陈兆海是万千工程测量员中的一员,主攻水利工程测量的他,参与了我国首座30万吨级矿石码头、首座航母船坞、首座海上地锚悬索式跨海大桥等标志性工程建设。
两万多平米的码头
八个月的漫长施工期
陈兆海每天坚持抛提水砣数百次
胳膊累得发麻依旧咬牙坚持
最终将上万个点位的测量精度锁定在厘米级
呵护着又一个宏伟工程
在蔚蓝海域
徐徐铺展
提及桥梁建设者,大家头脑中的第一反应就会想到工程师,谈及铁路建设者,人们往往想到的是筑路工人。
然而,有一类职业工种,会出现在各大施工现场,他们佝偻着背、挤着眼,通过架设在三脚架上的仪器测算数据,为施工人员定位精准的角度、高度和深度,他们拥有一个共同的名字——工程测量员。
陈兆海是万千工程测量员中的一员,主攻水利工程测量的他,参与了我国首座30万吨级矿石码头、首座航母船坞、首座海上地锚悬索式跨海大桥等标志性工程建设。
当一个又一个荣誉向“战功”赫赫的陈兆海“袭来”,他却表现得有点不知所措。“大国工匠大多从事导弹雕刻、航天焊接等重要工作,和他们相比,我都没有成品。”尽管陈兆海这样说,但人们知道,所有工程都需要建立在测量的基础之上。工程开工,测量先行,因此测量员常常被比作“工程之眼”。
27年时间,陈兆海带领团队拓荒,用测量出的一点一线,将图纸变为现实,不断向水底纵深。常年跟着工程跑,陈兆海的世界,也变得开阔起来。
出生在辽宁省大连市一个小县城,陈兆海从小却从未见过海。对外面世界的无限向往,让他在上世纪90年代之初,选择去天津航务技工学校学习测量。“当时学技术一般都会选择钳工、焊工,我就想学点不一样的。”
毕业后,陈兆海被中交一航局三公司作为人才引进,本来要从事研究工作,但他却决意到现场搞测量。风里来雨里去他都无所谓,他只在乎能不能接触新设备。
当时,施工现场用的全站仪是进口设备,全国都没有几台,师傅平时不让碰,陈兆海就在辅助记录时伸长脖子牢记操作。半年后的一天,碰巧师傅休假,当陈兆海得知有了独立操作的机会,他扛起全站仪就往现场跑。从此以后,他也和师傅一样,开始负责主测任务。
2002年,陈兆海第一次担任项目部班长,在大连港30万吨级矿石码头,他肩负基床抛石检验的重任。由于码头远离海岸,且三面环水、风高浪急,水流以1米每秒的速度形成不同的流向。
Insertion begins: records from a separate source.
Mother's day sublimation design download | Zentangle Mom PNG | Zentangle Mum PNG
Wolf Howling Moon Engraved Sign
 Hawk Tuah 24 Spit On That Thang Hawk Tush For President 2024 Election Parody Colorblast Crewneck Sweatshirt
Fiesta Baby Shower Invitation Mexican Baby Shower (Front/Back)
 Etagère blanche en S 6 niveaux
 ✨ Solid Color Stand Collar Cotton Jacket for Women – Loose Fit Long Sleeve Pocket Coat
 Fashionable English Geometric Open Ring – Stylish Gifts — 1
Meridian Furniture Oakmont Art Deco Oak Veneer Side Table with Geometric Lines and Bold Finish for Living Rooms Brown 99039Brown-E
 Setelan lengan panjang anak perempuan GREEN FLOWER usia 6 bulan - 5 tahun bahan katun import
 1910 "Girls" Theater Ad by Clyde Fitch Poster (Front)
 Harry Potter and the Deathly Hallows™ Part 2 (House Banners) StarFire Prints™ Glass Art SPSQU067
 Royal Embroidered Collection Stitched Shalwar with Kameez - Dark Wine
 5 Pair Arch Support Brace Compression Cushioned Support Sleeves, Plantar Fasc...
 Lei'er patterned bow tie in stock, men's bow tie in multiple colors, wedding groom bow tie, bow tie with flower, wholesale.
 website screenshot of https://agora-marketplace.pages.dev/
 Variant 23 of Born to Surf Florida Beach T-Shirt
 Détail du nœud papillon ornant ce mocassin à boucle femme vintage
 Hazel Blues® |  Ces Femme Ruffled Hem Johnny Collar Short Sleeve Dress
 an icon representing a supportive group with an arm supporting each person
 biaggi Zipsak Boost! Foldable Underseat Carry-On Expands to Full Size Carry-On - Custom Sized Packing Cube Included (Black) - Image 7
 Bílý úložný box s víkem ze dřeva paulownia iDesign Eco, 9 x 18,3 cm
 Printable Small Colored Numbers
受水流、水深及尺深形变等因素影响,测深读数时间必须在配重触及海底的2到3秒内完成,最佳读数时间不足1秒。为了精确读数,陈兆海硬是通过几个月的时间,天天将重达40斤的“水坨”顺着水流扔下去,触底后迅速拉上来测出读数,将精度控制在10厘米内。
陈兆海告诉《中国工人》记者,他们承接的工程造价少则几千万元,多则上亿元,工程测量和质量成本紧紧挂钩。工程欠挖需要重新投入人力和机器返工,超挖10厘米就会付出两千万的代价。“测量越精确越好,容不得一点失误”。
对陈兆海来说,每个项目都面临不同挑战。2018年初,大连湾海底隧道项目启动,这条严寒海域建设的首条隧道,地质复杂,到处都是礁石溶洞。传统的二维单波束测深系统已经无法满足探测需要。于是,陈兆海不仅到港珠澳大桥项目实地学习,还多次前往设备生产厂家调研,引进的三维扫测设备不仅极大提升了精准度,还将此前6小时的工作量缩短为30分钟。
测量27年,让陈兆海至今都记忆犹新的,还是当年第一次参与桥墩放线。当时工程刚结束,他走上平整的桥面,看着桥下流水湍湍,陈兆海的心也跟着澎湃了起来,顺手拿起测量的记号笔,在桥头写下了那天的日期作为留念。
陈兆海的头像,多年来都是国内首座双层地锚式悬索桥——大连星海湾跨海大桥在夜晚中闪烁的照片。当年,他曾手持棱镜带头爬上距离海平面近120米的高空,在不停摆动的索塔顶部标高。大桥建成后,他开车带着家人驶过大桥,孩子听说是爸爸参建的,兴奋地大喊着:“爸爸真厉害!”